クロカン4WDに採用される「ラダーフレーム構造」

 ヘビーデューティー指向の4WD車、いわゆるクロカン4WDのメカニズムを見ていくと、車体構造に共通した特徴があることに気付く。独立したシャシーを持つ車体構造となっている点だ。シャシーまたはフレームとも言うが、クロカン4WDではラダー(はしご)型フレームを持つ車両構造が一般的なクルマ作りの基本となっている。

 さて、シャシーは日本語にすると「車台」となり、フレームは文字どおり「枠」の意味だが、シャシーが鋼板で枠を組んだ形となることから、車台のことをフレームとも呼んでいる。現在、乗用車系の車両でシャシーを持つ車両は、ほぼクロカン4WDに限られ(トラックなどもあるが)、そのほかはモノコックボディが標準的な車体構造として使われている。

 歴史的に眺めれば、シャシーを持つ構造が自動車の原点で、これは自動車の誕生以前、馬車の時代から使われてきた車体構造の基本でもあった。基本にシャシー(車台)を据え、これにタイヤ/サスペンションを取り付け、客室を載せ、さらに自動車の場合は、パワートレイン系(エンジン/トランスミッション)を組み合わせて車両を形成してきた。

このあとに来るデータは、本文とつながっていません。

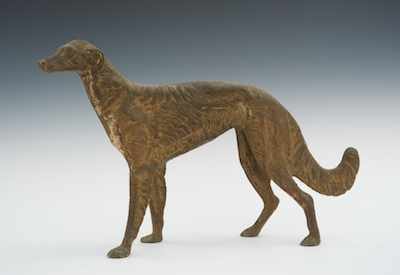 Appraisal: A Hubley Borzoi Cast Iron Doorstop Apprx - H x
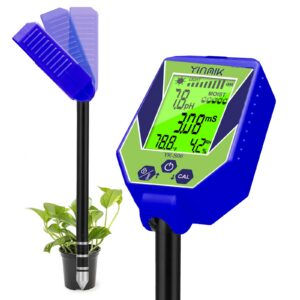 YINMIK 6-in-1 BodenpH- und Feuchtigkeitssensor für Zimmerpflanzen und Gärten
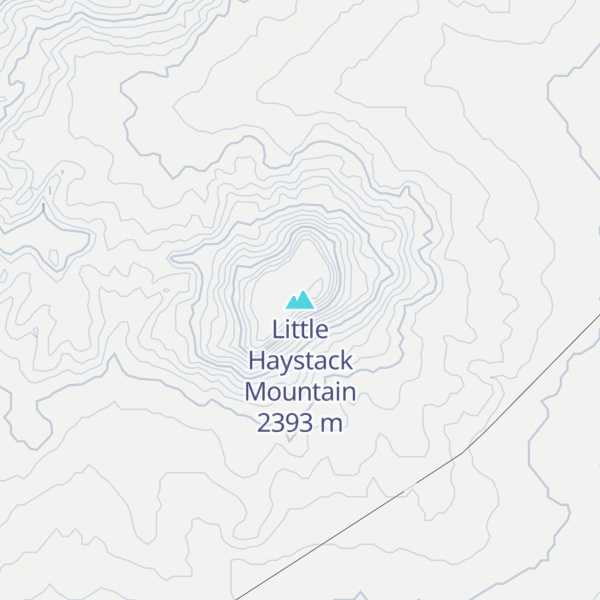 Map of Little Haystack Mountain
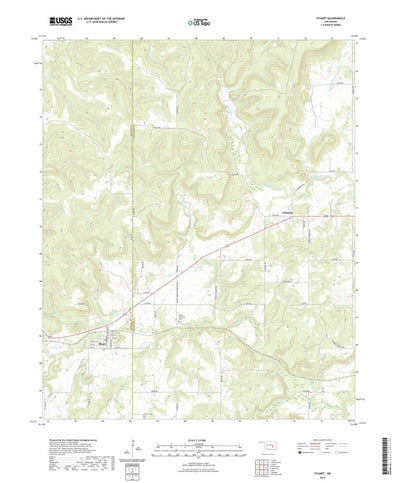 United States Geological Survey Stuart, OK (2022, 24000-Scale) digital map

 ところが、自動車は進化する過程で、軽量、高剛性、高効率(スペース性)であることから、シャシーとボディを一体化したモノコックボディの構造が考案、実用化されるようになっていた。モノコックとはmono(単一)とcoque(殻)を組み合わせたフランス語で、先進技術の導入に貪欲的だったアンドロ・シトロエンが、同社の革新的新型車トラクションアヴァン(1934年)で実用化した構造である。

 車体を応力外皮と考えるモノコック構造は、卵の殻を思い浮かべてもらえば分かりやすいと思うが、とにかく軽量で剛性が高いという特徴がある。鋼製シャシーに客室を載せたそれまでの車体作りとは異なる画期的な手法だったが、専用シャシーを使う車体構造には、モノコック構造にはない長所もあった。モノコック構造の特徴は軽量、高剛性だが、シャシーを持つ車体構造には高強度という特徴がある。剛性は曲げや捻りの力に対してそれに耐える特性のことだが、強度は力が加わった際、構成材が破断(破壊)する限界を示す特性で、厚い鋼板を用いるシャシー(フレーム)は、入力に対して高い耐性を示す特徴が備わっているのだ。